What worries the European Union (EU) at present is that the protests and riots in France are creating a “spillover effect” and are tending to spread to many other European countries. Last weekend, a major demonstration, which was the same as the “yellow vests” movement in France, also took place in London, the United Kingdom, with hundreds of participants. The protesters marched along the central streets before gathering at Trafalgar Square to oppose the government’s austerity policies and demand a general election. Similar protests have broken out since November 2018 and are posing security challenges for the UK in the context of being just over two months away from leaving the EU. Previously, the “yellow vest” protest movement, originating from France, had also spread to a variety of countries such as Austria, Turkey, Italy and Portugal. In the Portuguese capital of Lisbon, hundreds of protesters demanding tax cuts poured down the streets, causing traffic interruptions.

The aforementioned protests all have one thing in common that they are inspired by the “yellow vests” movement in France and the protesters are dissatisfied and opposed to the government’s current policies.
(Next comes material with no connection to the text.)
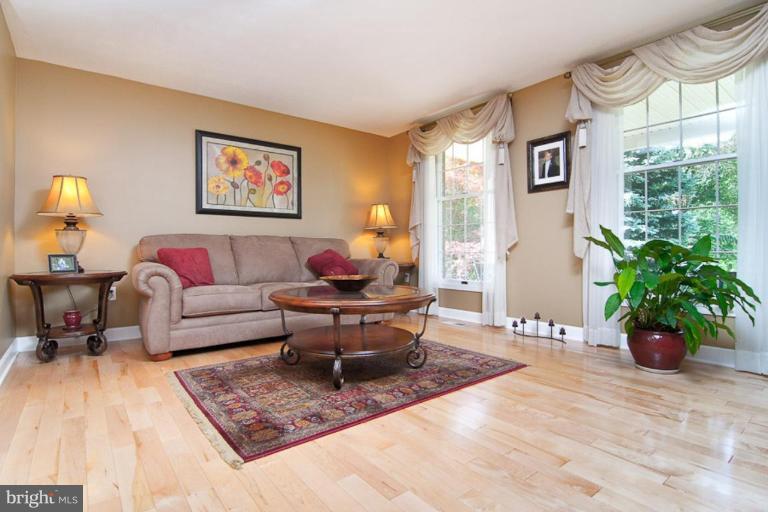 383 Yorkshire Lane Riva, MD 21140 - Photo 14 of 21 a living room with furniture flowerpot and a window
However, what’s most worrying is that the wave of protests has already been and is at risk of being abused by certain political parties to create divisions and long-term security and political turmoil, and hinder economic growth. Therefore, this is a “ferocious wave” that the EU leaders in general and each EU member state in particular need to be especially vigilant of and seek to resolve the disagreements in order to minimise the risk of the protests turning into long-term riots before it’s too late.